Según los datos publicados este miércoles por el Buró de Análisis Económico (BEA), la contracción del primer trimestre del año se debe al aumento de las importaciones, que se sustraen del cálculo del PIB, y a una reducción del gasto gubernamental. El dato interanual se contrajo algo menos del 0,1%.
El gasto de los consumidores, un dato clave para la economía estadounidense, creció un 1,8 % en el primer trimestre del año, pero por debajo del nivel de los seis meses anteriores.
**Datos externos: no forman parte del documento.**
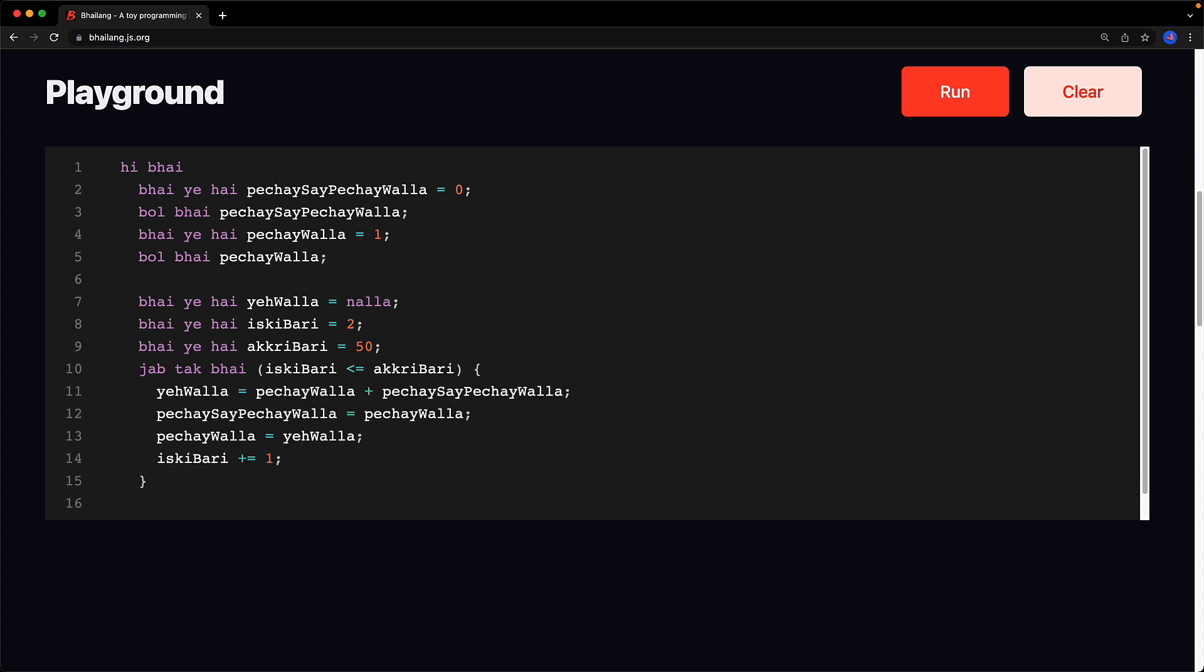And within the loop we will update the current value of ye wala to be simply the sum of piche wala plus piche se piche wala. And then for the next iteration of the loop we update the piche se piche wala to be equal to piche wala and update piche wala to be ye wala. And finally before going into the next loop iteration we log the value of the current Fibonacci number which is ye wala. And that's the entirety of logging n Fibonacci numbers using bhai lang.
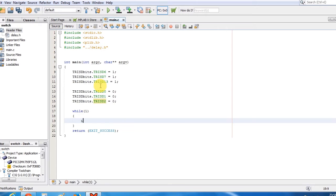A simple if condition to check whether input is high or not.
Esta es la primera contracción en tres años y coincide con la llegada de Donald Trump al poder el pasado 20 de enero, justo se cumplen sus primeros 100 días, que abrió un proceso de incrementos arancelarios a nivel global, recortes en el gasto federal y anuncios de rebajas de impuestos.
En un ejemplo más de la incertidumbre que ha creado la guerra comercial de Trump, que ha anunciado y pausado aranceles en varias ocasiones, los analistas esperaban un subida del 0,4% en la primera estimación del PIB para el primer trimestre, pero posteriormente estimaron que el dato sería negativo.